(Required work) Nothing in the listing below should change; retype it as is.

--

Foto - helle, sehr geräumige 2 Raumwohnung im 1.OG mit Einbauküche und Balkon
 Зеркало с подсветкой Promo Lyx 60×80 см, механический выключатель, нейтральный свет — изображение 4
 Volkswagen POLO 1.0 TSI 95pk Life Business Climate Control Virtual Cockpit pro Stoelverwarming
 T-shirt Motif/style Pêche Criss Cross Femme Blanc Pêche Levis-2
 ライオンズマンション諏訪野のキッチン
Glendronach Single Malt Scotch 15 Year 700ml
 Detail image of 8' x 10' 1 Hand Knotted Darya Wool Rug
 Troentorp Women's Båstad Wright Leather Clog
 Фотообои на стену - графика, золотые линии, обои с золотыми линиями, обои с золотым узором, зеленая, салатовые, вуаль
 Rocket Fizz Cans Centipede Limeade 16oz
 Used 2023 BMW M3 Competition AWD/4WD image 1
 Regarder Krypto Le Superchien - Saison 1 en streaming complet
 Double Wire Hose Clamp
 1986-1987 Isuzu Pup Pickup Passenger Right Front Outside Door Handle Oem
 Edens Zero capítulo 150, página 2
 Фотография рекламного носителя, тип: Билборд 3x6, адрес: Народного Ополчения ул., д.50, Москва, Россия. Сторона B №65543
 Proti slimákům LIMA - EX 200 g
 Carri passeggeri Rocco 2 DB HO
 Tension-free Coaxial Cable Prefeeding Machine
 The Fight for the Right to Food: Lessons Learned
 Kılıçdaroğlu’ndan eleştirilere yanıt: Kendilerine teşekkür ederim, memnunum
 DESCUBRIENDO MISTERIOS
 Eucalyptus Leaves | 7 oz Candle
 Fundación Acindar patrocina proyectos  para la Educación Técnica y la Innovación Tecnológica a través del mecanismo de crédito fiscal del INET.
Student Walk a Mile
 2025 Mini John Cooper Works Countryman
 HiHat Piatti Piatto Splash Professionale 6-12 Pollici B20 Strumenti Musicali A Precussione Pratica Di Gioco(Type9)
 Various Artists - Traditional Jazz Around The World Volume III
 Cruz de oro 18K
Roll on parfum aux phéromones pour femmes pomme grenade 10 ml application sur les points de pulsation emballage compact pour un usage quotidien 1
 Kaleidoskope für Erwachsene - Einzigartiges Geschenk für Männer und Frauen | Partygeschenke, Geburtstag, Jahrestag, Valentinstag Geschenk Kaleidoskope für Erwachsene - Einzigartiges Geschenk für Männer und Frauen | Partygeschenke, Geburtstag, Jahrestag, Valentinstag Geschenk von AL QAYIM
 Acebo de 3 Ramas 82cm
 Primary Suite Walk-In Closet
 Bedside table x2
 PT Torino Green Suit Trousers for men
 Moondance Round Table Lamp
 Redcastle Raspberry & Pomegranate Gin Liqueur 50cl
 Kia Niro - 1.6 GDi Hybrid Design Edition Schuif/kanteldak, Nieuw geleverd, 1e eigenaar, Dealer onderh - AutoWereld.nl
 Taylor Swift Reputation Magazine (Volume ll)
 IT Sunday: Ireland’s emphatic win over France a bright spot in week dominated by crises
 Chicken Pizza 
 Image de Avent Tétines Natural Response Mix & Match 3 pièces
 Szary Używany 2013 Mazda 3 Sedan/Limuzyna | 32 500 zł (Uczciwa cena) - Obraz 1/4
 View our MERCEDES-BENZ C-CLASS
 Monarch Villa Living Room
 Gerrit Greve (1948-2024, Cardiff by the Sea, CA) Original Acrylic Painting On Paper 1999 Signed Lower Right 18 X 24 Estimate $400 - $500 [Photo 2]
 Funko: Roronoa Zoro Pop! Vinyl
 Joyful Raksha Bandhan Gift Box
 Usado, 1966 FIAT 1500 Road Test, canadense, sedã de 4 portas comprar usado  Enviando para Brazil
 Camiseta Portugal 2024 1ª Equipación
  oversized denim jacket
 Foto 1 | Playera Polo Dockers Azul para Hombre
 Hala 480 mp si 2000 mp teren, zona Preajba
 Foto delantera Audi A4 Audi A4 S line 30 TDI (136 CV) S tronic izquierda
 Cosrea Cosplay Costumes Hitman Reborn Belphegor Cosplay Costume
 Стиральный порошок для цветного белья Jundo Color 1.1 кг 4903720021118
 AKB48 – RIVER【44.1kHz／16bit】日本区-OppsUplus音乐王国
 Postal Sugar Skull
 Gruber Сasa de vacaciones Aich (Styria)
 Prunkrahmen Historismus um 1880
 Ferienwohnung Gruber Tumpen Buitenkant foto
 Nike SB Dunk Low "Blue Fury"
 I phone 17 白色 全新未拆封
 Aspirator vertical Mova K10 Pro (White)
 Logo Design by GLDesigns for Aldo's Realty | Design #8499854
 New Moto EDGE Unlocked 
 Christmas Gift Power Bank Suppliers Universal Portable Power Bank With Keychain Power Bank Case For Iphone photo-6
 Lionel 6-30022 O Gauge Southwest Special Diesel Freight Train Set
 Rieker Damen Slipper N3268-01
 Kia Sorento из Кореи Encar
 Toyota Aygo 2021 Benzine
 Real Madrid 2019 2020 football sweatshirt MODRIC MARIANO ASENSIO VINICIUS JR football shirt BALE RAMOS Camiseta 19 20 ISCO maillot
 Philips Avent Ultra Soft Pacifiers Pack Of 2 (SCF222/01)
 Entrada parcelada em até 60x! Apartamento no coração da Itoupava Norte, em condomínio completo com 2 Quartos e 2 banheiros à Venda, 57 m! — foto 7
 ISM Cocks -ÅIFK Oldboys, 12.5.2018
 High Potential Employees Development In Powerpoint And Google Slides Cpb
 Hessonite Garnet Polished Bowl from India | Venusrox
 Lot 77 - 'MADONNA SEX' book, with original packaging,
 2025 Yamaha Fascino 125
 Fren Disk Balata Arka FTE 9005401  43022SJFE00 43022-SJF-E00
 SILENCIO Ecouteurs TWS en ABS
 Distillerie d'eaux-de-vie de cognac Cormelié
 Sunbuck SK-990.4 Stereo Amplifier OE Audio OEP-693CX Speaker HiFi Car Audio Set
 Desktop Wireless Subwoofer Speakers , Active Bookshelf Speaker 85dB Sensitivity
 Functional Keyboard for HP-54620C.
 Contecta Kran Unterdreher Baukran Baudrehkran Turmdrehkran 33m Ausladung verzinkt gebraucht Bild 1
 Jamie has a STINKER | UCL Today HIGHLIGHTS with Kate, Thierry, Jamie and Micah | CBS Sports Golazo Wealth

--

(Response area)
Foto - helle, sehr geräumige 2 Raumwohnung im 1.OG mit Einbauküche und Balkon
 Зеркало с подсветкой Promo Lyx 60×80 см, механический выключатель, нейтральный свет — изображение 4
 Volkswagen POLO 1.0 TSI 95pk Life Business Climate Control Virtual Cockpit pro Stoelverwarming
 T-shirt Motif/style Pêche Criss Cross Femme Blanc Pêche Levis-2
 ライオンズマンション諏訪野のキッチン
Glendronach Single Malt Scotch 15 Year 700ml
 Detail image of 8' x 10' 1 Hand Knotted Darya Wool Rug
 Troentorp Women's Båstad Wright Leather Clog
 Фотообои на стену - графика, золотые линии, обои с золотыми линиями, обои с золотым узором, зеленая, салатовые, вуаль
 Rocket Fizz Cans Centipede Limeade 16oz
 Used 2023 BMW M3 Competition AWD/4WD image 1
 Regarder Krypto Le Superchien - Saison 1 en streaming complet
 Double Wire Hose Clamp
 1986-1987 Isuzu Pup Pickup Passenger Right Front Outside Door Handle Oem
 Edens Zero capítulo 150, página 2
 Фотография рекламного носителя, тип: Билборд 3x6, адрес: Народного Ополчения ул., д.50, Москва, Россия. Сторона B №65543
 Proti slimákům LIMA - EX 200 g
 Carri passeggeri Rocco 2 DB HO
 Tension-free Coaxial Cable Prefeeding Machine
 The Fight for the Right to Food: Lessons Learned
 Kılıçdaroğlu’ndan eleştirilere yanıt: Kendilerine teşekkür ederim, memnunum
 DESCUBRIENDO MISTERIOS
 Eucalyptus Leaves | 7 oz Candle
 Fundación Acindar patrocina proyectos  para la Educación Técnica y la Innovación Tecnológica a través del mecanismo de crédito fiscal del INET.
Student Walk a Mile
 2025 Mini John Cooper Works Countryman
 HiHat Piatti Piatto Splash Professionale 6-12 Pollici B20 Strumenti Musicali A Precussione Pratica Di Gioco(Type9)
 Various Artists - Traditional Jazz Around The World Volume III
 Cruz de oro 18K
Roll on parfum aux phéromones pour femmes pomme grenade 10 ml application sur les points de pulsation emballage compact pour un usage quotidien 1
 Kaleidoskope für Erwachsene - Einzigartiges Geschenk für Männer und Frauen | Partygeschenke, Geburtstag, Jahrestag, Valentinstag Geschenk Kaleidoskope für Erwachsene - Einzigartiges Geschenk für Männer und Frauen | Partygeschenke, Geburtstag, Jahrestag, Valentinstag Geschenk von AL QAYIM
 Acebo de 3 Ramas 82cm
 Primary Suite Walk-In Closet
 Bedside table x2
 PT Torino Green Suit Trousers for men
 Moondance Round Table Lamp
 Redcastle Raspberry & Pomegranate Gin Liqueur 50cl
 Kia Niro - 1.6 GDi Hybrid Design Edition Schuif/kanteldak, Nieuw geleverd, 1e eigenaar, Dealer onderh - AutoWereld.nl
 Taylor Swift Reputation Magazine (Volume ll)
 IT Sunday: Ireland’s emphatic win over France a bright spot in week dominated by crises
 Chicken Pizza 
 Image de Avent Tétines Natural Response Mix & Match 3 pièces
 Szary Używany 2013 Mazda 3 Sedan/Limuzyna | 32 500 zł (Uczciwa cena) - Obraz 1/4
 View our MERCEDES-BENZ C-CLASS
 Monarch Villa Living Room
 Gerrit Greve (1948-2024, Cardiff by the Sea, CA) Original Acrylic Painting On Paper 1999 Signed Lower Right 18 X 24 Estimate $400 - $500 [Photo 2]
 Funko: Roronoa Zoro Pop! Vinyl
 Joyful Raksha Bandhan Gift Box
 Usado, 1966 FIAT 1500 Road Test, canadense, sedã de 4 portas comprar usado  Enviando para Brazil
 Camiseta Portugal 2024 1ª Equipación
  oversized denim jacket
 Foto 1 | Playera Polo Dockers Azul para Hombre
 Hala 480 mp si 2000 mp teren, zona Preajba
 Foto delantera Audi A4 Audi A4 S line 30 TDI (136 CV) S tronic izquierda
 Cosrea Cosplay Costumes Hitman Reborn Belphegor Cosplay Costume
 Стиральный порошок для цветного белья Jundo Color 1.1 кг 4903720021118
 AKB48 – RIVER【44.1kHz／16bit】日本区-OppsUplus音乐王国
 Postal Sugar Skull
 Gruber Сasa de vacaciones Aich (Styria)
 Prunkrahmen Historismus um 1880
 Ferienwohnung Gruber Tumpen Buitenkant foto
 Nike SB Dunk Low "Blue Fury"
 I phone 17 白色 全新未拆封
 Aspirator vertical Mova K10 Pro (White)
 Logo Design by GLDesigns for Aldo's Realty | Design #8499854
 New Moto EDGE Unlocked 
 Christmas Gift Power Bank Suppliers Universal Portable Power Bank With Keychain Power Bank Case For Iphone photo-6
 Lionel 6-30022 O Gauge Southwest Special Diesel Freight Train Set
 Rieker Damen Slipper N3268-01
 Kia Sorento из Кореи Encar
 Toyota Aygo 2021 Benzine
 Real Madrid 2019 2020 football sweatshirt MODRIC MARIANO ASENSIO VINICIUS JR football shirt BALE RAMOS Camiseta 19 20 ISCO maillot
 Philips Avent Ultra Soft Pacifiers Pack Of 2 (SCF222/01)
 Entrada parcelada em até 60x! Apartamento no coração da Itoupava Norte, em condomínio completo com 2 Quartos e 2 banheiros à Venda, 57 m! — foto 7
 ISM Cocks -ÅIFK Oldboys, 12.5.2018
 High Potential Employees Development In Powerpoint And Google Slides Cpb
 Hessonite Garnet Polished Bowl from India | Venusrox
 Lot 77 - 'MADONNA SEX' book, with original packaging,
 2025 Yamaha Fascino 125
 Fren Disk Balata Arka FTE 9005401  43022SJFE00 43022-SJF-E00
 SILENCIO Ecouteurs TWS en ABS
 Distillerie d'eaux-de-vie de cognac Cormelié
 Sunbuck SK-990.4 Stereo Amplifier OE Audio OEP-693CX Speaker HiFi Car Audio Set
 Desktop Wireless Subwoofer Speakers , Active Bookshelf Speaker 85dB Sensitivity
 Functional Keyboard for HP-54620C.
 Contecta Kran Unterdreher Baukran Baudrehkran Turmdrehkran 33m Ausladung verzinkt gebraucht Bild 1
 Jamie has a STINKER | UCL Today HIGHLIGHTS with Kate, Thierry, Jamie and Micah | CBS Sports Golazo Wealth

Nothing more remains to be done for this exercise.